Deep quake ‘quite complicated’
Sunday’s magnitude 5.2 quake near Nelson happened at a depth where the geology ‘‘starts to get quite complicated’’, a seismologist says.
GeoNet received more than 8100 felt reports for the 3.14pm earthquake, which was centred 20 kilometres east of Nelson at a depth of 73km.
‘‘It’s not like your typical earthquake rupturing on a fault,’’ GNS Science duty seismologist Dr John Ristau said.
It was hard to tell what happened in this case. In that area of the upper South Island, the Pacific Plate was pushing down beneath the Australian Plate.
Earthquakes such as the event on Sunday could happen on the interface between the two plates but that was unlikely in this case, Ristau said. ‘‘So [it happened] either on the Australian Plate, fairly deep, or on the subducting slab of the Pacific Plate. They can occur for various reasons.’’

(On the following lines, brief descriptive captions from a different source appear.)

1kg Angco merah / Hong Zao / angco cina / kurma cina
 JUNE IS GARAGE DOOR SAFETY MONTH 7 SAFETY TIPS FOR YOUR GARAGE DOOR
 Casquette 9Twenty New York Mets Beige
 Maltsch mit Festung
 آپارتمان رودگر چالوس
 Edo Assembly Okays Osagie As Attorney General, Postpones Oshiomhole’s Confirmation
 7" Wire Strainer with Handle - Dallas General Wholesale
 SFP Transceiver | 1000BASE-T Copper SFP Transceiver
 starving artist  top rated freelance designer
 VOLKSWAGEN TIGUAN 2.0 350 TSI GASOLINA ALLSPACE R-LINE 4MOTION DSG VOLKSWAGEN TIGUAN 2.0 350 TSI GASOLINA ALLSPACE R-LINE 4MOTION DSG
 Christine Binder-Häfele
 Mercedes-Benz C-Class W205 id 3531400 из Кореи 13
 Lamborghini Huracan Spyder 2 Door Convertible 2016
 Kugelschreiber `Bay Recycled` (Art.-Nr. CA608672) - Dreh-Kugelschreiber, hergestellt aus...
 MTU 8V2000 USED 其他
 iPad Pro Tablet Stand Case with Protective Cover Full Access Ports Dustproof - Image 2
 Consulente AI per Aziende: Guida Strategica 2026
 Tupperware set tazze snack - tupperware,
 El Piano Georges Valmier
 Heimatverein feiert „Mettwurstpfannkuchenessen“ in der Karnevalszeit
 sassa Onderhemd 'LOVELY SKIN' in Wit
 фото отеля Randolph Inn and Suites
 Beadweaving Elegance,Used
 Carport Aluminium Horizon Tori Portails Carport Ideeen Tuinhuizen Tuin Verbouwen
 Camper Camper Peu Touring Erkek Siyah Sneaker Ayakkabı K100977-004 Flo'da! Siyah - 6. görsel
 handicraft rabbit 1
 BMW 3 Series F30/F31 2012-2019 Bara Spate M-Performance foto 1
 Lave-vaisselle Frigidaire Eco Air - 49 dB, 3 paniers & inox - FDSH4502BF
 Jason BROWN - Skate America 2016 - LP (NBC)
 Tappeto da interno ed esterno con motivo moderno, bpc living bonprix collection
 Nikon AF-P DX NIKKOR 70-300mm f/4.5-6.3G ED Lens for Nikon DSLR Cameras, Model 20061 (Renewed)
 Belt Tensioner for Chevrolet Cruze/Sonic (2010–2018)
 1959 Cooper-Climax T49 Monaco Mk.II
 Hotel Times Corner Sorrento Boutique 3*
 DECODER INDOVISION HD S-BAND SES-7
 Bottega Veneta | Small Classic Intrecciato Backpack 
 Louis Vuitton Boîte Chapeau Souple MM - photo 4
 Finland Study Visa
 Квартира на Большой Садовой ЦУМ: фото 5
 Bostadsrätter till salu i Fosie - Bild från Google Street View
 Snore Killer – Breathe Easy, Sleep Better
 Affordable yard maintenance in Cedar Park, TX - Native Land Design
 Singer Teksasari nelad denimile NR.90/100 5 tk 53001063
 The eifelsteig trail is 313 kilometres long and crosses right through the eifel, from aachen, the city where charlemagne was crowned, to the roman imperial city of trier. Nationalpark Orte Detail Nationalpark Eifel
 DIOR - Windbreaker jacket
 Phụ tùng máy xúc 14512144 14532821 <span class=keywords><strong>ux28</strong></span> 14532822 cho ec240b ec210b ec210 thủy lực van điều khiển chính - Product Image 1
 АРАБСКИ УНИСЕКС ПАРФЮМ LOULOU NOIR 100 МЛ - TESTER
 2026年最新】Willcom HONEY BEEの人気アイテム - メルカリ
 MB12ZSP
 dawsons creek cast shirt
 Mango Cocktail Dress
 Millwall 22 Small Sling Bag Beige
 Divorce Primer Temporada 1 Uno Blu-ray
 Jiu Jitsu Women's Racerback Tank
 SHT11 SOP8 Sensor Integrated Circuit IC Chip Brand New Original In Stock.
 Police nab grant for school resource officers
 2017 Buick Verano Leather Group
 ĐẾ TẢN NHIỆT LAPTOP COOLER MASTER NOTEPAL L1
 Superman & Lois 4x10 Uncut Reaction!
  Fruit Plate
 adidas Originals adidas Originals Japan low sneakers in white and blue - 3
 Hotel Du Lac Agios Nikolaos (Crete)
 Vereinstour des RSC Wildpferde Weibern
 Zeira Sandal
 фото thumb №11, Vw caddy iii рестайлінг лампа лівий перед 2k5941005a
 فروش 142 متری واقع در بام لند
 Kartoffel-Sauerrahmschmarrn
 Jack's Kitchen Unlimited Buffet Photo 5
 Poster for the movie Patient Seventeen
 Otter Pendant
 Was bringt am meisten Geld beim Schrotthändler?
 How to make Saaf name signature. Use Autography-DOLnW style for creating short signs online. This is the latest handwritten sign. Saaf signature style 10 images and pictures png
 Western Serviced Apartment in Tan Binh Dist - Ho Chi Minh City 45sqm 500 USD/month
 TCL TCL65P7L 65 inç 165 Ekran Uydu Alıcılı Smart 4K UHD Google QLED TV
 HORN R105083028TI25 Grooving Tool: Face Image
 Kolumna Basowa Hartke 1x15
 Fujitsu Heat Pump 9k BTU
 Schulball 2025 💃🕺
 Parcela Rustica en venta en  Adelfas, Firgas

As the subducting slab went deeper, it got hotter, ‘‘so the rocks start to change and start to go through transformation to different rock types, and they become more plastic almost.’’
If one area of rock started to melt, while the area around it was more solid, then there could be a collapse. ‘‘It starts to get quite complicated down there.’’
Despite being widely felt, Sunday’s jolt wasn’t particularly big. Similar events happened every year or two.
Because of the size and depth, there were limits to the amount of investigation that could be carried out. ‘‘If it was bigger, we would have more information to go on, and there would be more of an impetus to look into it.’’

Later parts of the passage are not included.